_Work required_: Aside from the pictures, copy the listing exactly.

_Information provided_:
_ _ _
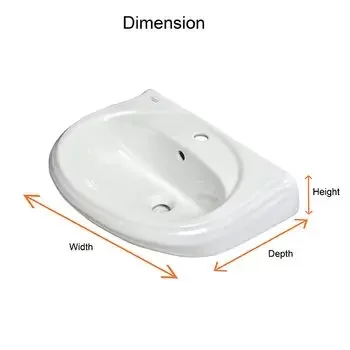 GLOCERA CHAMP- BASIN 2 PC FULL PEDESTAL ROUND GLOSSY WALL HUNG BASIN / WALL MOUNT BASIN GLOCERA | Model: GG/WB/52005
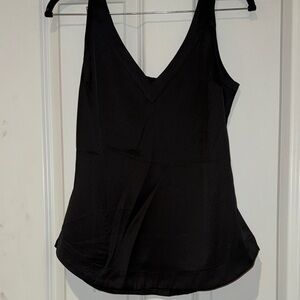 Saks Fifth Avenue Satin Black Sleeveless Blouse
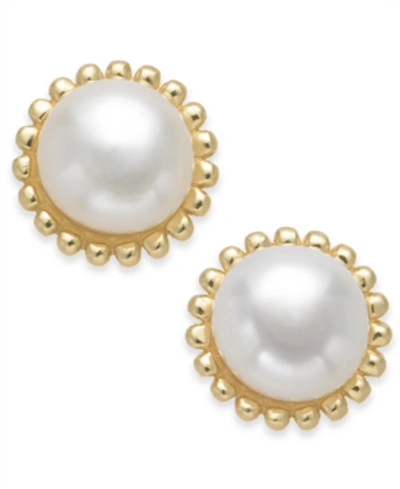 Giani Bernini Freshwater Pearl (5mm) Stud Earrings In 18k Gold-plated Sterling Silver, Created For M In Gold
_ _ _
_Output for this task_:
 GLOCERA CHAMP- BASIN 2 PC FULL PEDESTAL ROUND GLOSSY WALL HUNG BASIN / WALL MOUNT BASIN GLOCERA | Model: GG/WB/52005
 Saks Fifth Avenue Satin Black Sleeveless Blouse
 Giani Bernini Freshwater Pearl (5mm) Stud Earrings In 18k Gold-plated Sterling Silver, Created For M In Gold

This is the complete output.